Perhaps it is time for W3C to take ISO seriously, befriend it, snuggle up to it, and put the core Web standards through some kind of fast-track procedure as well? Deal yourselves a better hand! The world of fast-track that ISO JTC1 has, in its wisdom, launched us into is intended to allow specifications from consortia that corporations can participate in and dominate (W3C, Oasis, Ecma, etc.) to get promoted up to ISO standard level, if national bodies vote to accept them. This is because ISO sees its core activity at enabling agreement, not sniping at rival brands.
ISO has taken a more constructive approach than denigrating the boutique standards consortia: it does not denigrate ECMA merely because it is designed to help companies make their technologies public with copyright-free specs fast; nor that W3C may be extra-accomodating to the larger fee-payers (such as the ‘phone calls’ that Lie mentions); nor that OASIS’ procedures made it susceptible to ‘branch stacking’ to favour one groups technology. Because, at the end of the day, ISO votes are very hard for commercial organizations to manipulate. There are simply too many countries; where manipulation is possible, of course, is when there is the appearance of a grassroots movement in many countries; however, at least some national standards bodies (and their committee members) take a dim view of lobbeying on non-technical issues, and certainly against single-issue committee people with no real interest in promoting standards.
Malthus
Lie adopts an extreme view towards overlap of standards: overlap at all brings nothing but misery and bloat. I doubt if there is much sympathy for his view that XSL was unnecessary in 1999 because of CSS (CSS now has a better set of formatting properties and selectors, but where are the transformations?) And to blame MS for XSL rather ignores James Clark’s involvement. [Lie thinks ODA and SGML were competitors, even though they took extremely different approaches (binary, fixed, application-dependent format, versus text-based, free, universal): unfortunately, he does not burden us with any facts behind his mention that 1986’s ISO SGML was more complicated because of ODA, something I hadn’t heard before. ]

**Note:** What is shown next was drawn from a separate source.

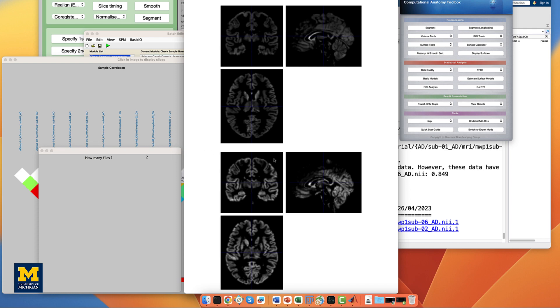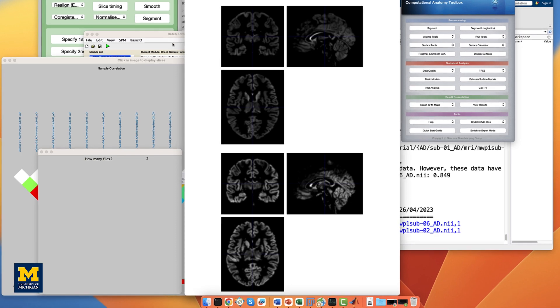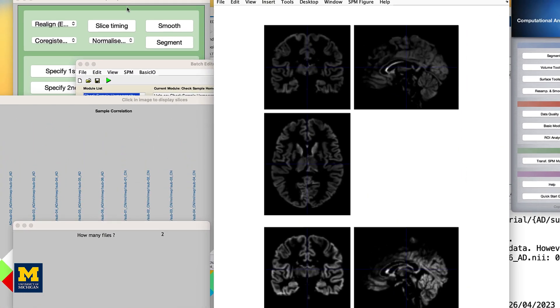The last preprocessing step is to smooth the data, which, similar to fMRI data, will average together signal and cancel out noise. Since we are focusing on volumetric data, we will use a similar smoothing kernel to those used in fMRI data. From the SPM12 GUI, click on Smooth.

But what about the dodgy details?
Borat!
Well, the first one is personal, and the reason I am bothering to write this. Lie says In the past, consultants paid by Microsoft have joined standardization groups and have become sympathetic voices. Are they buying countries this time? Is Lie saying that small nations have no interest in document and document processing languages? Again, no detail, just slurs. (I am sensitive to this, of course; when I first read it, I wondered if Lie was referring to me obliquely, which would be fairly hypocritical considering Lie himself is undoubtedly a sympathetic vote for his company at W3C. Companies or their representatives are allowed to participate in standards work indeed encouraged, but the difference with ISO is that they don’t get a final vote. But reading it carefully, it is clear that Lie knows that individuals don’t vote on ISO standards, and that he was saying something uncertain about Kazakhstan. (I worked with two brilliant programmers from Kazakhstan, via Russia, Israel and Australia, for many years, one of whom is now at the highest technical level of a government department here; the distance between their excellence and Borat only makes Borat all the funnier!)
Ambition
The next dodgy detail is to make blanket comparisons between HTML and ODF/OOXML. ODF and OOXML deal with many issues that HTML/CSS simply does not. What is HTML/CSS’s story for spreadsheets? What is HTML/CSS’s story for ZIP packaging? (Well, I think the W3C argument might be to say that every part should have a URL and be available on the web. W3C’s worldview is bounded by the web.)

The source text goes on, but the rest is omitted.